In un impegnato articolo del Corriere sullo sciopero dei professori contro la cosiddetta “buona scuola” R. Abravanel parte dal presupposto che a scioperare debbano essere, in primis, studenti e famiglie non tanto per il diritto allo studio quanto per quello al “lavoro”.
Bene, concordo. Ma il diritto al lavoro nella società post-industriale non coincide forse con quello allo studio? Direi proprio di sì! Ma allora perché Abravanel fa proprio l’assunto secondo cui la scuola italiana non è in sintonia col mercato del lavoro? Parte dalla considerazione che la cultura italiana è ancora venata e macchiata dai principi gentiliani sulla formazione umana, completamente orientata all’apprendimento culturale e segnata dal cognitivismo disciplinare. Il saper –fare e il saper-essere sono estranei all’attuale sistema scolastico, mentre sarebbero i capisaldi dell’organizzazione aziendale. Per saldare studio e mercato del lavoro, secondo Abravanel, è fondamentale curvare l’istruzione in un processo integrativo orientato verso la realtà produttiva con una procedura standard che prevede l’alternanza scuola-lavoro come la sostanza e la novità del processo formativo della scuola del terzo millennio. Il problema è, infatti, non il diritto allo studio, che bene o male, esiste, ma il diritto al lavoro che per le ultime generazioni effettivamente non c’è.

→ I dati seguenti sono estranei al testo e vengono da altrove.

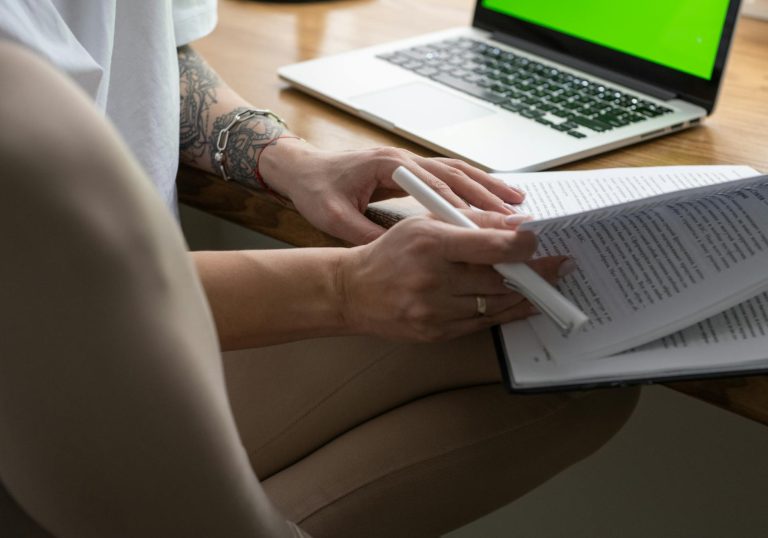 How to Tell If an Online Textbook Seller Is Legit Before You Buy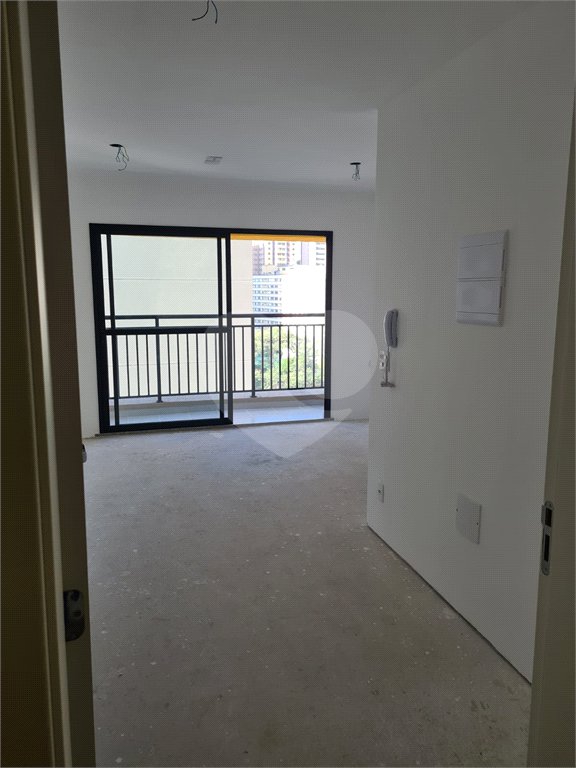Apartamento à venda na Bela Vista de 24m2 com 1 dormitórios e sem vagas.Estuda Permuta.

Quindi bisogna attivarsi per entrare nei trecentomila posti di lavoro che ogni anno ”il mercato comunque crea”; la campana suona per i giovani essendo “ la ricreazione finita”.
A tale visione delle problematiche formative ho due osservazioni da muovere:
- Non si può avere un’impostazione totalizzante di natura aziendale; infatti i tirocini si dovrebbero svolgere con un “tutor aziendale” che realmente affianchi e prepari lo studente alla pratica lavorativa, altrimenti sarebbe lavoro in nero!
- Se ogni anno i posti di lavoro realmente esistenti sul mercato sono 300.000 ed i pretendenti 600.000 è evidente che scatta un meccanismo “psicologico” di massa di fuga da una parte dall’interesse verso la qualità dello studio (meritocrazia), dall’altra dal disimpegno sociale e partecipativo delle problematiche dell’ “agorà “, compreso il tema della distonia tra aspirazioni lavorative soggettive possedute e offerta di lavoro, assente in toto.
Ecco, visto così il problema è più realistico da affrontare e presuppone una forte iniziativa dell’ U.E. a modificare i fondamenti delle politiche economiche attivate che sono segnate dall’emarginazione dal sistema produttivo dei giovani tedeschi, italiani e francesi come segno distintivo della società opulenta di oggi.